= Your assignment =
Line for line, return the data exactly, omitting all pictures.

= Information provided =
────

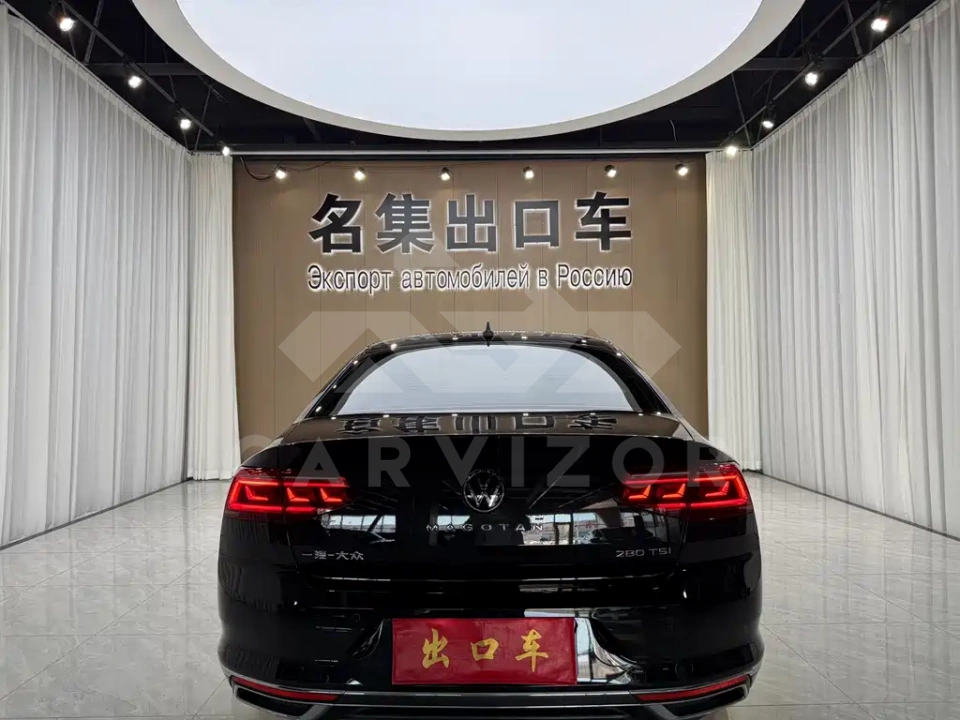 Volkswagen Magotan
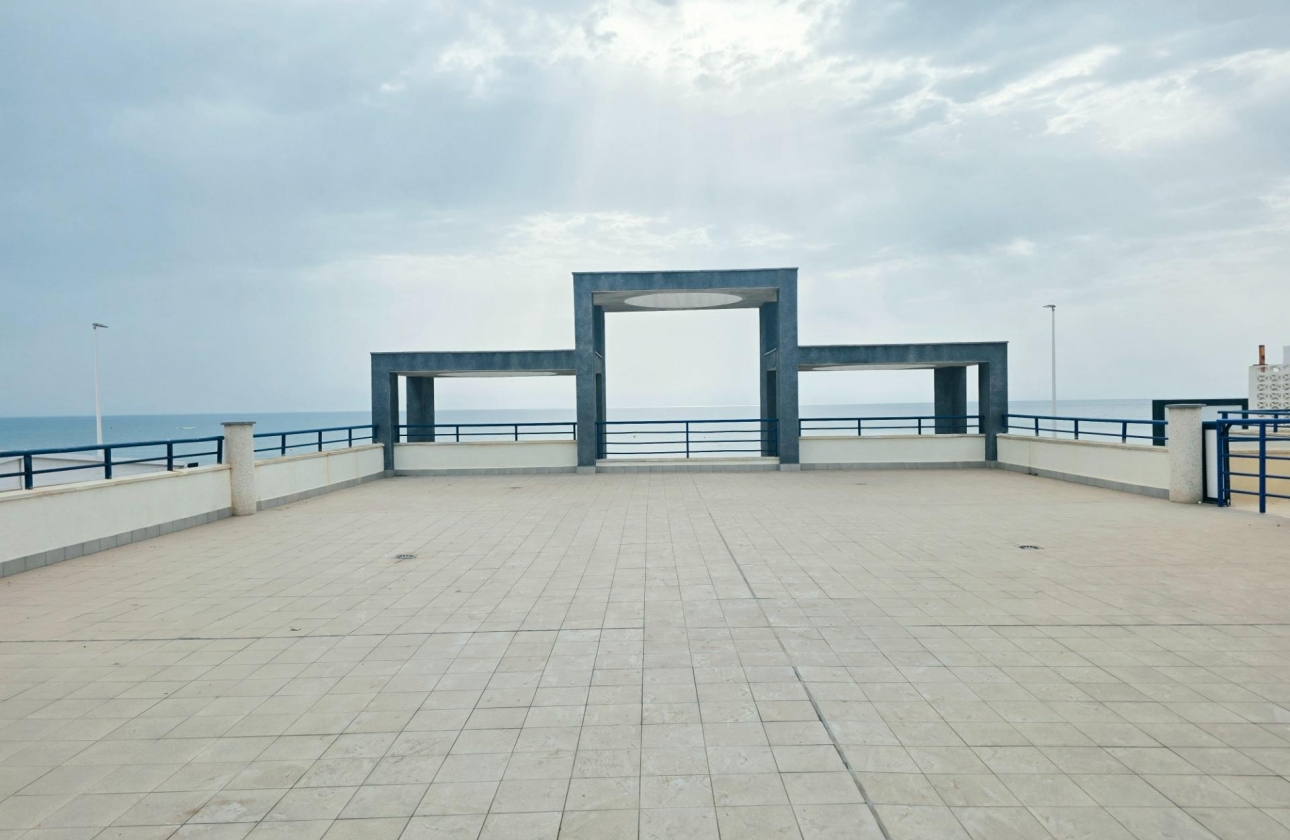 Reventa - Apartment - Torrevieja - La Mata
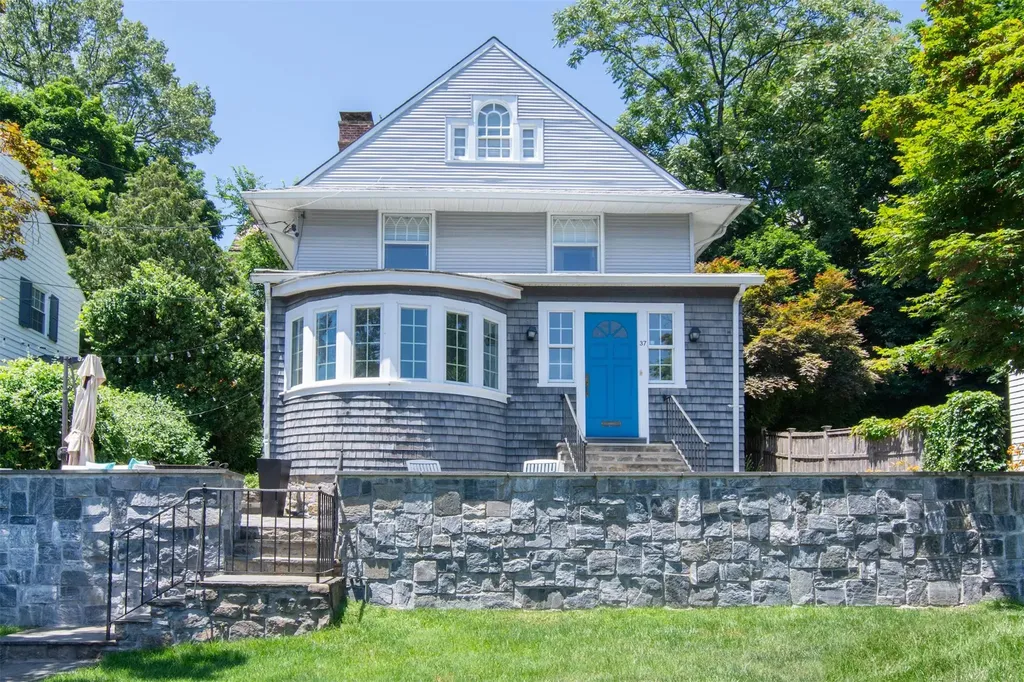 37 Tanglewylde Avenue Bronxville NY 10708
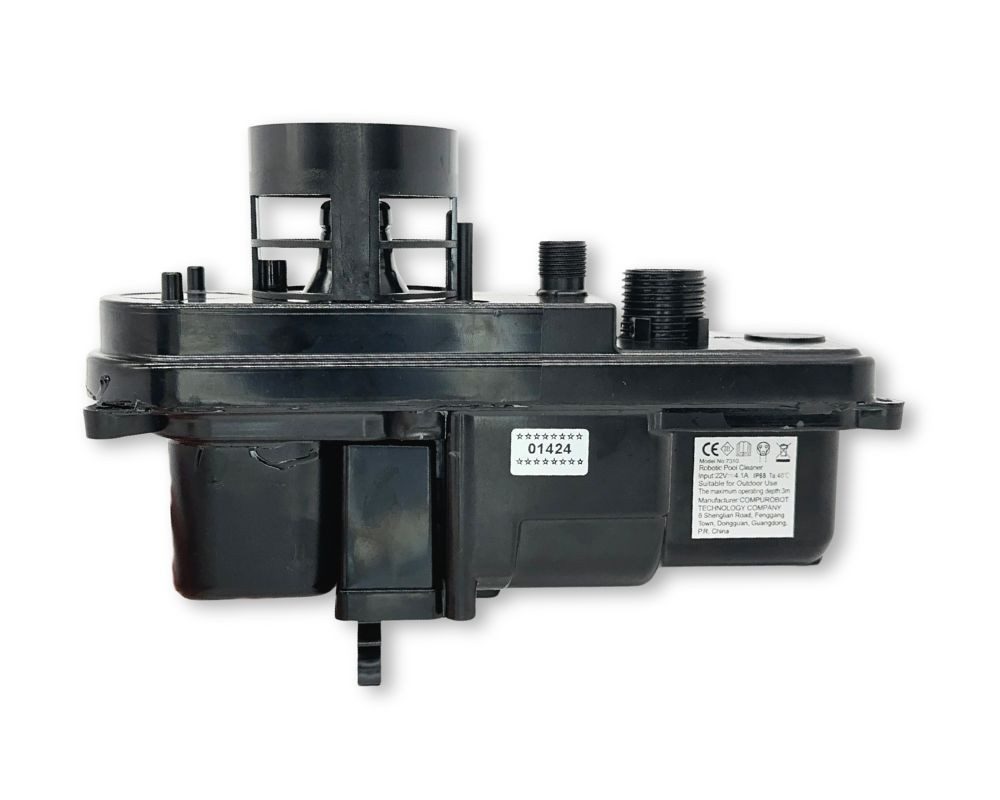 Meranus Poolbodensauger Pumpenmotorblock für Meranus Power 4.0 Poolroboter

────

= Result of this task =
 Volkswagen Magotan
 Reventa - Apartment - Torrevieja - La Mata
 37 Tanglewylde Avenue Bronxville NY 10708
 Meranus Poolbodensauger Pumpenmotorblock für Meranus Power 4.0 Poolroboter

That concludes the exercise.